Das britische Verbot für den öffentlichen Sektor und kritische Infrastrukturen
Angesichts dieser Entwicklung treiben Regierungen Maßnahmen voran, um die Finanzierung der Kriminellen zu unterbinden. Im Vereinigten Königreich plant die Regierung derzeit, öffentlichen Stellen und Betreibern kritischer nationaler Infrastrukturen – darunter Schulen, Gemeinderäte und der National Health Service (NHS) – Zahlungen an Erpresser zu untersagen.
Die Debatte: Sicherheit gegen Datenverlust
Innerhalb der Branche gibt es tiefgreifende Meinungsverschiedenheiten über die Wirksamkeit von Zahlungsverboten.
Finanzielle Risiken und der Versicherungsmarkt
Die Entscheidung über eine Zahlung wird zunehmend durch externe Faktoren wie Versicherungen und rechtliche Sanktionen beeinflusst. Laut einer Studie von Sophos aus dem Jahr 2025 zahlt fast die Hälfte der betroffenen Unternehmen ein Lösegeld.

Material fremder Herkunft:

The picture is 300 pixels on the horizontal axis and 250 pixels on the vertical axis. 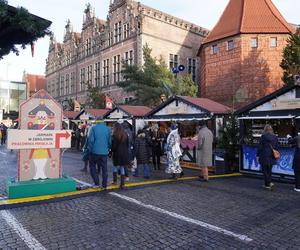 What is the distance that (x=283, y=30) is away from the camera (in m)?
29.4

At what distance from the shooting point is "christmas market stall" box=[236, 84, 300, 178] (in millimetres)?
9781

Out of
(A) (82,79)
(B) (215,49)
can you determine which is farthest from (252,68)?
(A) (82,79)

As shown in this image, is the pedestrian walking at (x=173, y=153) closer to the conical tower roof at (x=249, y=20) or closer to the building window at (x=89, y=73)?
the conical tower roof at (x=249, y=20)

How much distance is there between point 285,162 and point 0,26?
373 inches

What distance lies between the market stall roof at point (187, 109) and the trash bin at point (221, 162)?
167cm

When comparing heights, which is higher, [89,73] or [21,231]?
[89,73]

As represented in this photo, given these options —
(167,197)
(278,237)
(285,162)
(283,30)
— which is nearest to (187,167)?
(285,162)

Haydn Brooks von Risk Ledger sieht hier eine Kettenreaktion: Wenn öffentliche Stellen nicht mehr zahlen dürfen, werde sich der Markt für Cyberversicherungen zwangsläufig verschieben.
Offen bleibt derzeit, wie effektiv neue regulatorische Hürden die hochprofessionalisierten B2B-ähnlichen Strukturen der Ransomware-Gruppen tatsächlich stören können, während die technischen Eintrittshürden für neue Angreifer durch KI kontinuierlich sinken.